Grâce aux multiples résonances entre les deux parties, cette pièce apporte un éclairage sur la position « ambiguë » d’Albert Camus sur la guerre d’indépendance algérienne et la colonisation, tout en approfondissant le conflit intérieur d’un homme au crépuscule de son existence n’ayant pas su, ou pas voulu, voir l’inhumanité d’un système condamnant tout un peuple à la misère.
« Mon fils, je n’ai pas su voir que dans ce pays si beau, si accueillant, si fertile, il y avait des gens qui vivaient une misère noire, de celle qui vous humilie, qui fait de vous des sous-hommes », dira-il avec regret.
Ce constat amer d’ »Etienne » sera, d’ailleurs, l’occasion d’évoquer Meursault, héros polémique de « L’Etranger »(1942) condamné à mort pour avoir « tué un Arabe » auquel le personnage va s’identifier.

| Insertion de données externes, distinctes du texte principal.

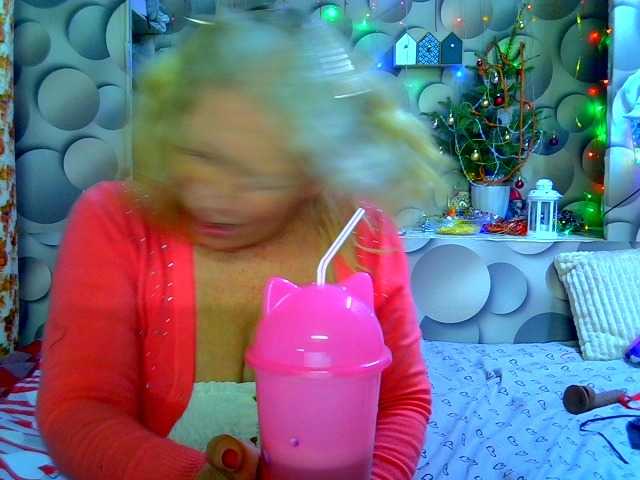 LizSage's BongaCams show and profile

Evoquant d’autres thèmes chers à Camus, Moni Grégo, également metteur en scène de la pièce, a par ailleurs choisi de lier la nostalgie du vieillard de sa « vie heureuse et sensuelle » en Algérie à l’attachement profond de Camus à la civilisation méditerranéenne, magnifiée dans son livre « Noces » (1939).
En choisissant un jeu de miroirs entre la figure d’un écrivain orphelin de père et à l’enfance pauvre, avec celle d’un « pied noir vivant chichement » qui s’adresse à son fils pour parler d’une « histoire tragique », Moni Grégo dit également avoir voulu « interpeller la responsabilité et la faillite » morale des pères, représentés par la génération d’Etienne.
Quant au choix du titre de la pièce, il souligne, selon l’auteure, la « dimension universelle de Camus », par un clin d’oeil à d’autres personnages historiques comme l’explorateur et diplomate, né dans la même région du monde quelques siècles plus tôt, Léon l’Africain.
Marquant le centenaire de sa naissance, plusieurs rencontres et conférences autour d’Albert Camus sont organisées durant le mois de novembre dans les différents Instituts français en Algérie.